The output of a tokenizer is a sequence of tokens, each represented by a unique numerical identifier (token ID). These IDs are fed into the model as input or used to decode the model’s output. For example, a text tokenizer might map the word “hello” to token ID 1234 and “world” to token ID 5678. The input sequence [1234, 5678] can then generate a new output such as [7890, 4321], which is decoded back to words using the same tokenizer.
How do tokenizers work?
Character‑level tokenizers
These split the input into individual characters (letters, digits, punctuation, symbols). They are simple and flexible but can produce long token sequences and have a limited vocabulary size.
Word‑level tokenizers
These split the input into words based on whitespace and punctuation. They are intuitive and easy to understand, yet they may encounter out‑of‑vocabulary (OOV) tokens and misspellings.
Subword‑level tokenizers
These break the input into subwords—smaller units that capture common prefixes, suffixes, and stems. Subword tokenizers are more efficient and robust, handling OOV tokens and rare words, though they can sometimes produce unnatural splits and ambiguity.
Pixel‑level tokenizers
These split images into pixels, the smallest units of visual data. Pixel tokenizers are straightforward and universal but can result in high‑dimensional, noisy input representations.

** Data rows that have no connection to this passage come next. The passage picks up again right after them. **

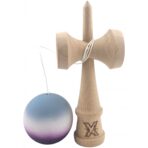 Kendama X Originala, Profesionala, Embo, Rubber Grip, din Lemn, 18 cm, Gri/Alb/Mov - imagine 4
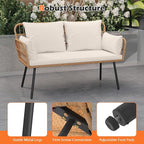 Tangkula Patio Wicker Loveseat, Outdoor Rattan 2-Seat Cushioned Sofa with Heavy Duty Metal Frame, for Backyard,Porch,Poolside (Off White)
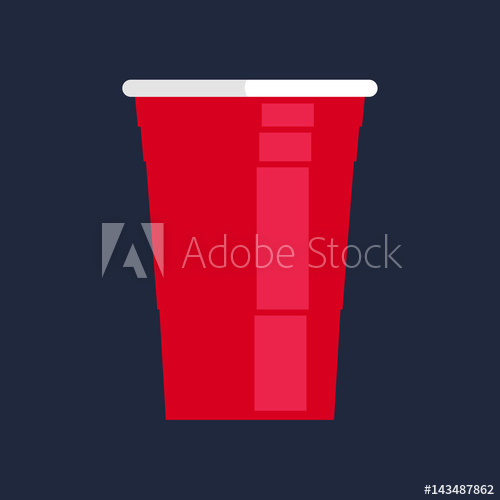 500x500 Red Party Cup, Material Design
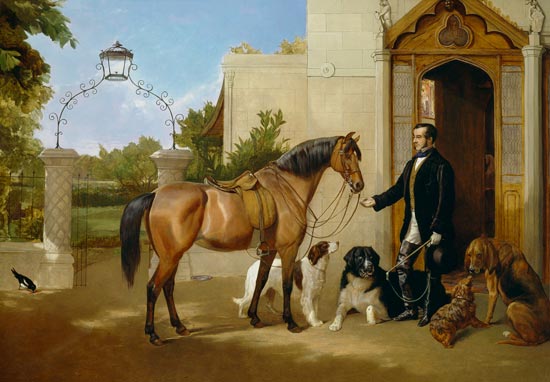 A Gentleman with his Hunter and Dogs outside his house de Frederick W. Keyl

Why are tokenizers important for generative AI?
Tokenizers enable models to learn from and generate diverse, complex data. Their impact includes:
- Data representation – Determines how input and output are encoded, influencing the information and structure the model can capture.
- Data processing – Affects the speed and efficiency of computation and generation by shaping how data is processed and decoded.
- Data quality – Influences the accuracy and diversity of the model’s output through the way data is split and mapped.
Thank you for reading this article—have fun with generative AI! 🤖